Research > Data & LSD
Data gathered for my published research are archived at the Harvard Dataverse. I also rely on data from the Canadian Opinion Research Archive, the American National Election Studies, the General Social Survey.
The Lexicoder Sentiment Dictionary (LSD)
The LSD is a bag-of-words dictionary designed for the automated coding of sentiment in news coverage, legislative speech and other text. It is discussed and tested in detail in Young and Soroka 2012 and is freely available for academic use.
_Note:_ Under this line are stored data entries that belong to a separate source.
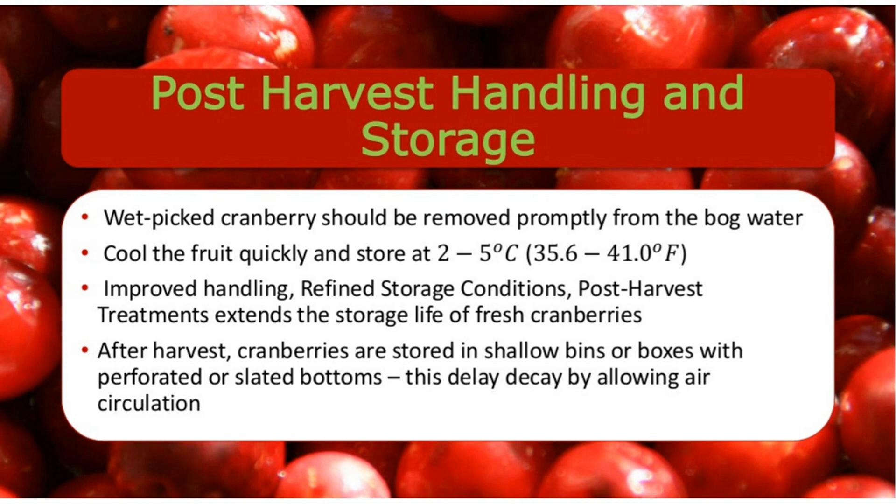Improved handling, refined storage conditions, and post-harvest treatments extend the storage life of fresh cranberries. After harvest, cranberries are stored in shallow bins or boxes with perforated or slatted bottoms. This helps delay decay by allowing air circulation. This is all about post-harvest handling.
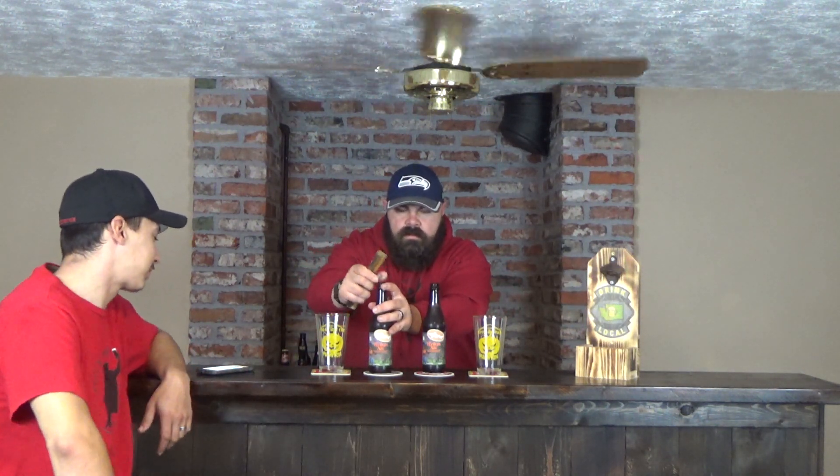Dogfish Head is out of Milton, Delaware. This one is a yam beer — 7% ABV with 28 listed IBUs. Right now it's running at 176,000 ratings on Untappd and it averages three and three-quarter stars.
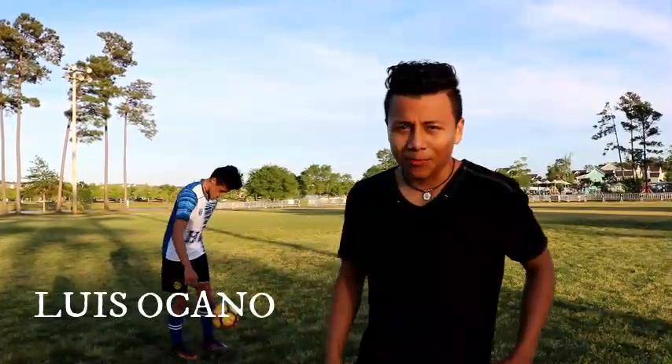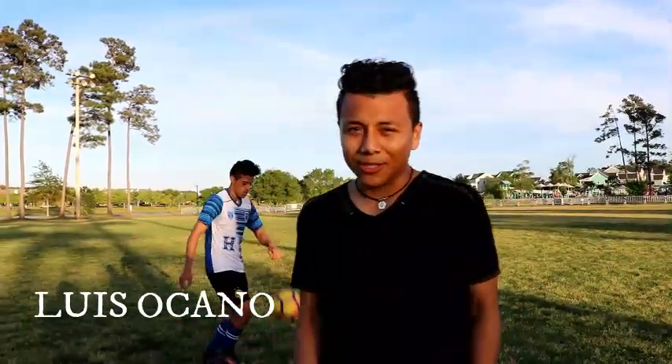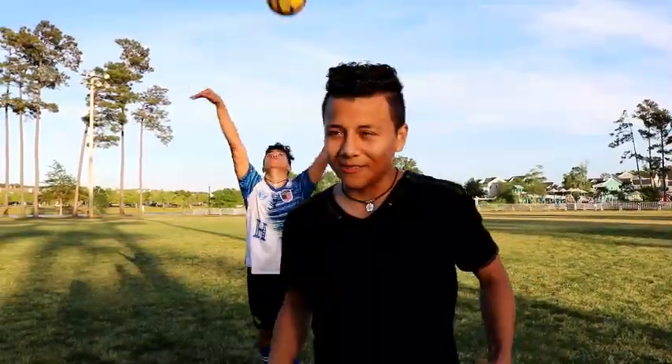Hello everyone, this is my project for Miss McLaren's class. Today I'm going to show you how to do the bicycle kick, so let's get it.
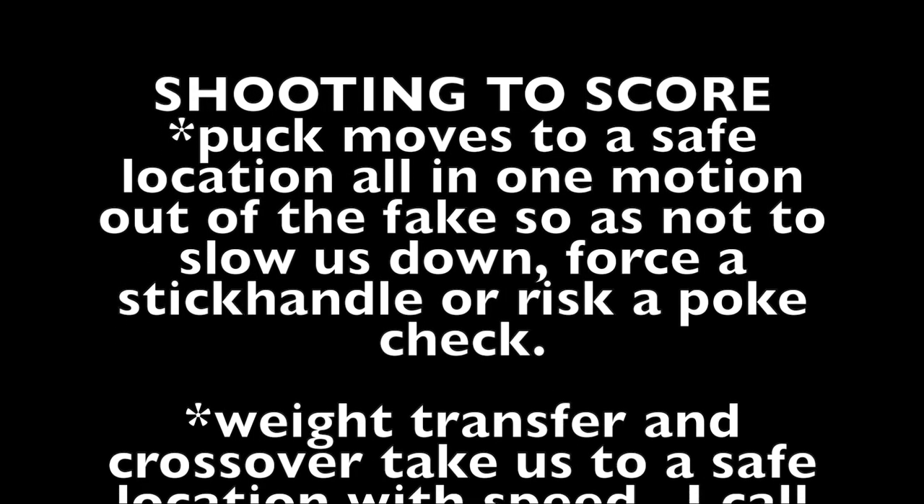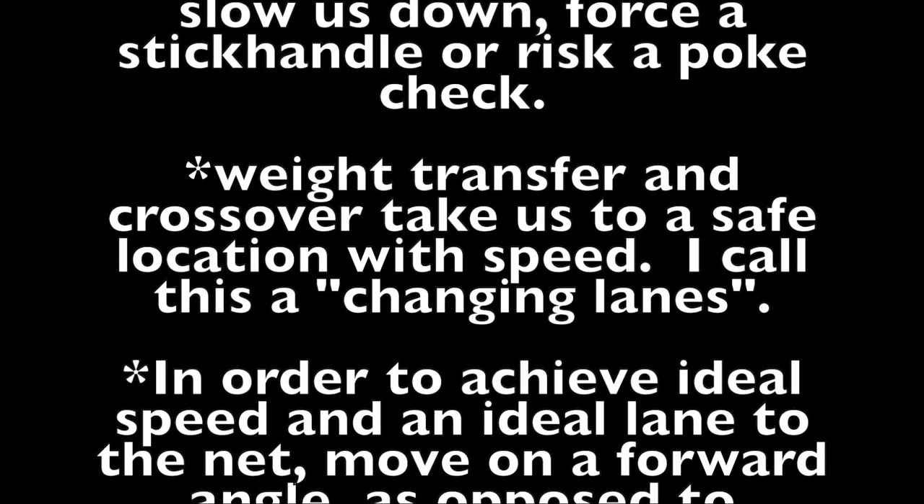The puck moves to a safe location all in one motion so as not to slow us down, force a stick handle, or risk a poke check.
The LSD was initially designed to be run in Lexicoder, Java-based software for automated content analysis designed by Mark Daku, myself, and Lori Young. The software is no longer updated, but the dictionary is still widely used. It is included directly in the in the quanteda package for R. We strongly recommend using the quanteda implementation of the dictionary.
For those who would prefer to implement the dictionary outside of quanteda, you can look over the user agreement and then download the dictionary.
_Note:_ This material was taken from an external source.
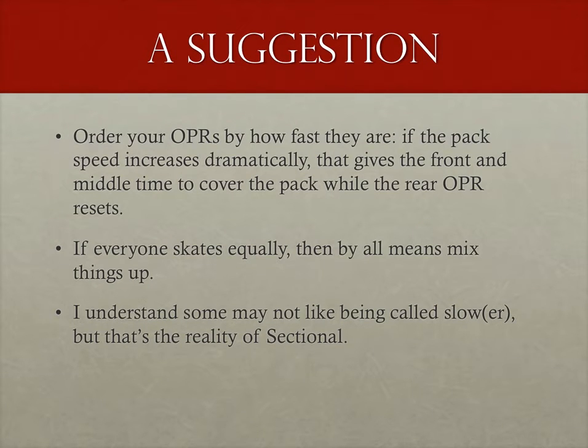Before sectional became part of standard practices, the league I'm in did a bit of beta testing. From that experience, if you want to run sectional I want to give you some advice: order your outside pack refs by how fast they are. That way, even if there's just a slight boost in speed, you always have the front and middle covered. A slower skater at the front is more likely to be put out of position if there's a sudden pack speed increase. This isn't an issue with fluid OPR because you can start your run early to meet a fast pack, but sectional, since there's no built-in stop-and-reset point, is much less forgiving. There's more leeway between the front and middle OPRs, and if everyone's a great skater on the outside, feel free to go for it — but this is graduate level stuff.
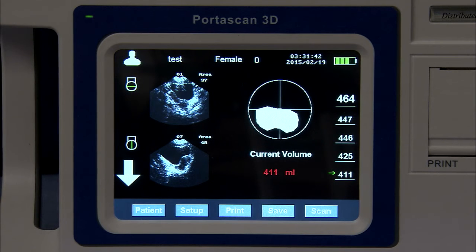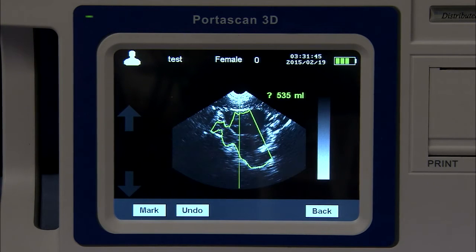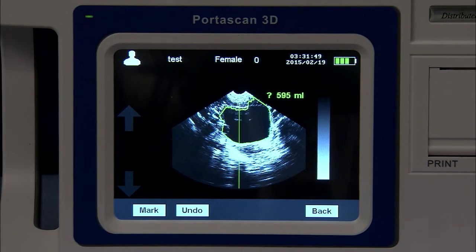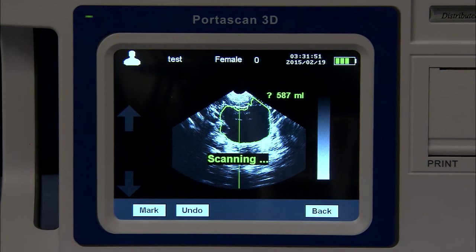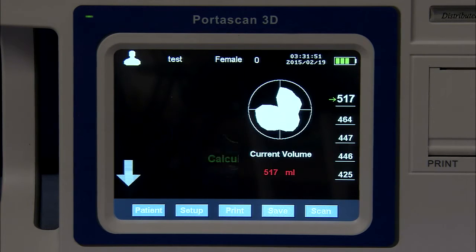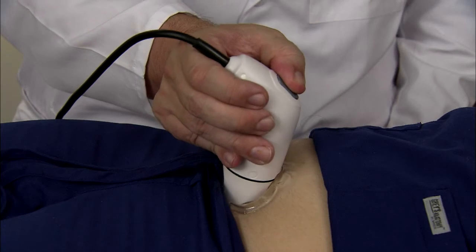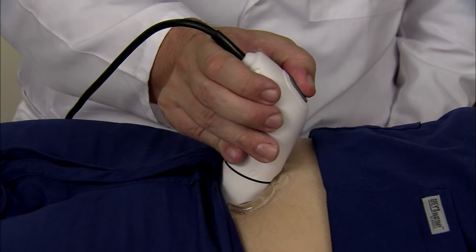Once you have obtained the first scan, it is always suggested you perform a second scan. This enables you to validate that the accuracy of the first scan is within 10%. While the scan is occurring, you will hear a beeping sound. It is always important never to move the probe during this sound, as it is taking 12 separate images of the bladder. If you move the probe, you will get an inaccurate reading.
Citation: Young, L. and Soroka, S. 2012. Lexicoder Sentiment Dictionary.
Much of the research using the LSD is available through this search. The original pre-processors designed to improve the performance of the LSD have been adapted for implementation in R, by Emily Luxon (University of Michigan at Dearborn), and can be downloaded as a single R script by clicking here. A French-language version of the LSD is also available, produced by Duval and Petry, here.
Topic Dictionaries
The Lexicoder Topic Dictionaries were aimed at capturing topics in news content, legislative debates, and policy documents. These were preliminary dictionaries, designed to capture the Major Topic codes from the comparative Policy Agendas project in English, Dutch, and Hebrew. These dictionaries were developed in conjunction with the INFOPOL project.
We are not continuing with the development of these dictionaries, but they have served a useful starting point for researchers interested in capturing topics. The draft versions of English and Dutch dictionaries can be downloaded here.
Citation: Albugh, Quinn, Julie Sevenans and Stuart Soroka. 2013. Lexicoder Topic Dictionaries, June 2013 versions, McGill University, Montreal, Canada.
The Discrete Emotions Dictionary (DED)
Some colleagues at the University of Michigan and I have taken a first shot at a dictionary designed to identify discrete emotions in political text. The dictionary may be useful on its own, or as a first step in more complex automated analyses. The paper and dictionary have been deposited at the OSF, and are available here.
Citation: Fioroni, Sarah, Ariel Hasell, Stuart Soroka and Brian Weeks. 2021. “Constructing a Dictionary for the Automated Identification of Discrete Emotions in News Content.” OSF Preprint, DOI 10.17605/OSF.IO/CBM9E.